Tesla is never disappointing in their ability to disappoint. We explained earlier this year how easy it is for Tesla’s stock to stumble or even plummet based on a single bad story, and how that – among other things – made them a risky investment. That viewpoint has been corroborated again, with Tesla's CEO losing over a billion dollars in 2 minutes after Tesla stock dropped by 8%.
The catalyst for this was a dramatic failure by the company to meet production targets. This chart from SeekingAlpha shows just how bad the trend is.
To make matters worse, the SEC asked a judge to hold Elon Musk in contempt of court. The judge gave Musk and the SEC two weeks to work out their differences, and will decide whether or not to hold Musk in contempt if that process fails.
Elon Musk’s constant public controversies, and his company’s repeated failure to live up to expectations, are bad news for anyone invested in Tesla stock. The indices I work on, FLAGLSX and VCUSX, have held Tesla at 0% for years, because we saw the underlying problems that made Tesla such a risky investment.
“Our model flagged Tesla in several areas related to corporate governance. They were, unsurprisingly, flagged for executive misconduct, having the CEO and the chairman be the same person (this was later forcefully resolved by the SEC), as well as several categories related to shareholder rights and governance.
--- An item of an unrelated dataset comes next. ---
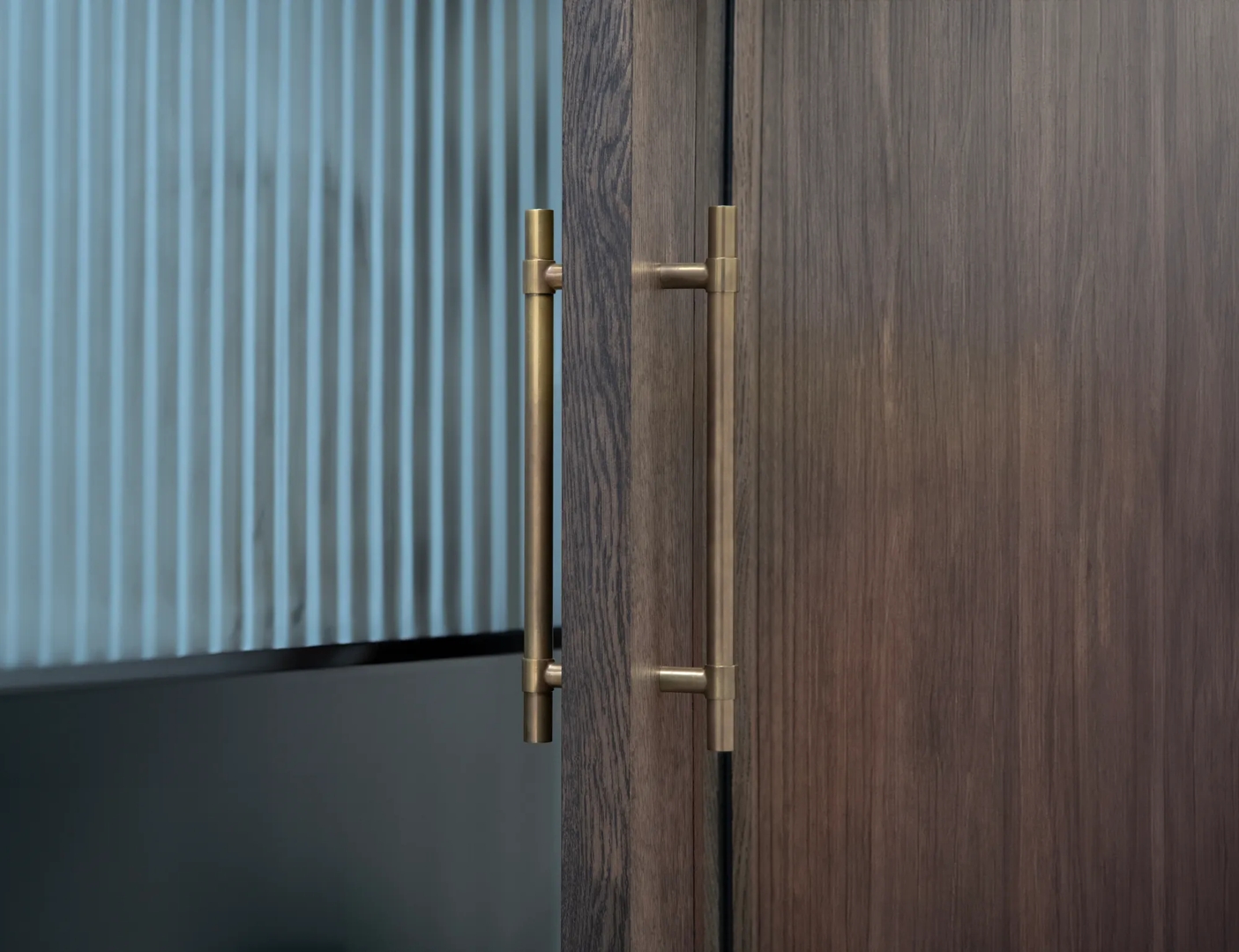 Workshop door with living vs. ageless finishes: left-hand Mid Antique Brass Waxed - MABW, right-hand Mid Antique Brass Ceramic - CMAB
We didn’t just look at the way Elon Musk acts and decide to not invest in Tesla, our model specifically identified the way in which Tesla’s corporate structure violated our principles by making Elon Musk unaccountable to shareholders.”
Despite Musk losing $1 billion in a single day, and Tesla stock dropping precipitously after every bit of bad news for the company, they show no signs of changing their corporate structure. The trend that has defined Tesla for over a year doesn't appear to be changing anytime soon: Elon Musk says or does something unbecoming of a CEO, or Tesla fails to meet production deadlines, and the stock plummets.